Ceux qui nous lient

En cohérence avec la ligne éditoriale de mon podcast Ceux qui nous lient, j'ai sélectionné des projets qui donnent goût et se distinguent par leur engagement pour le respect du vivant, tout en dialoguant les uns avec les autres dans une logique de réseau vertueux

commissaire
  • Camille Brachet

Depuis plus de trois ans maintenant, je produis le podcast Ceux qui nous lient, et après avoir enregistré une trentaine d’épisodes et en revenant sur les archives d’une trentaine de rencontres, je me rends compte à quel point les sujets abordés dans les entretiens menés pour Ceux qui nous lient rejoignent directement mes thématiques de recherche.
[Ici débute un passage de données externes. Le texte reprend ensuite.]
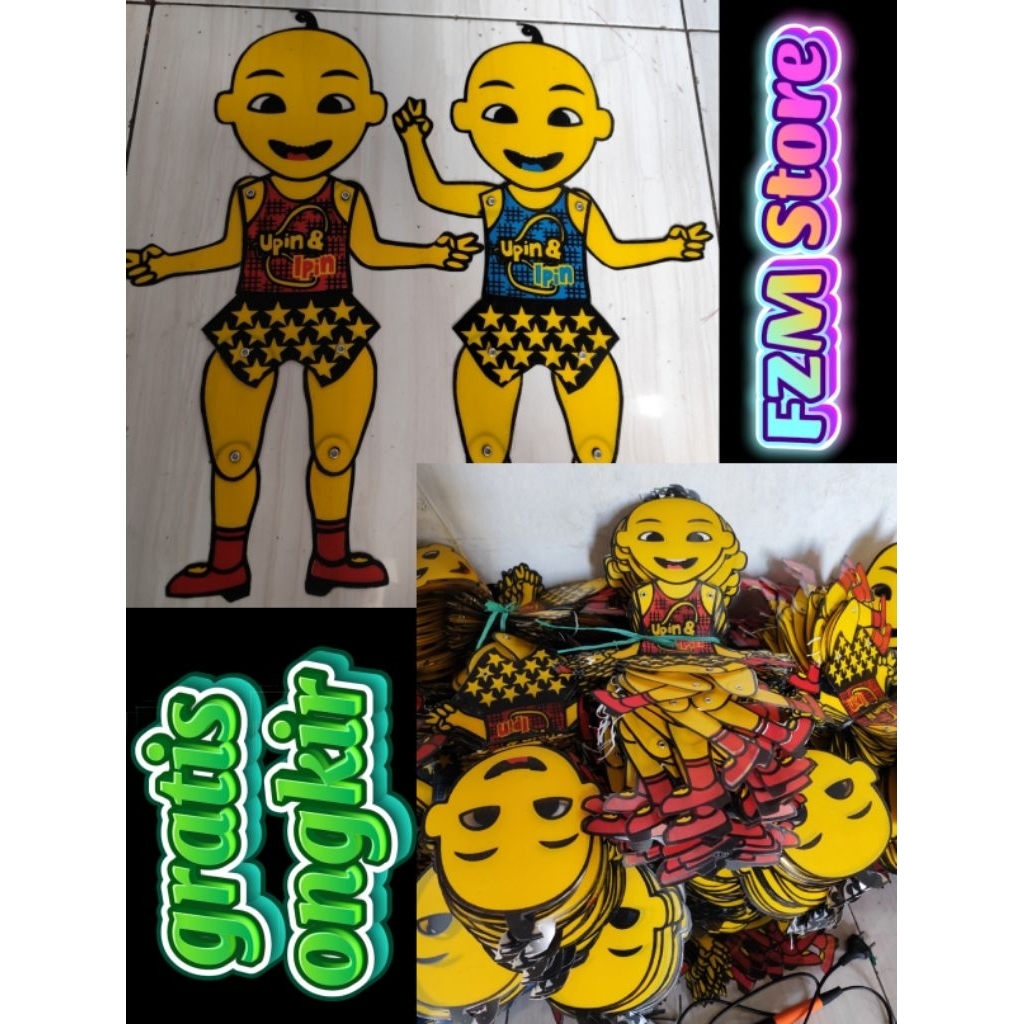 PROMO grosir 50pcs mainan anak wayang tarik karakter upin ipin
Qu’il s’agisse de penser la nourriture comme culture, ou de mettre en évidence le fait que manger est un acte politique, la dimension holistique de l’alimentation s’affirme article après article et invité après invité. 

Il me semblait donc parfaitement cohérent d’accepter de participer à ce commissariat pour la plateforme Socialdesign sur la thématique Donner goût afin de mettre en valeur des projets qui relèvent d’un écosystème très proche de celui du podcast : Ceux qui nous lient a pour objectif de donner à entendre la parole d’acteurs de mondes a priori différents, réunis grâce aux liens tissés par la gastronomie et l’alimentation. Quand on regarde plus précisément de quoi est composée la collection d’invités, on observe des ponts et des liens forts entre les participants. Il en est de même au sein du groupe de projets proposés pour la plateforme Socialdesign.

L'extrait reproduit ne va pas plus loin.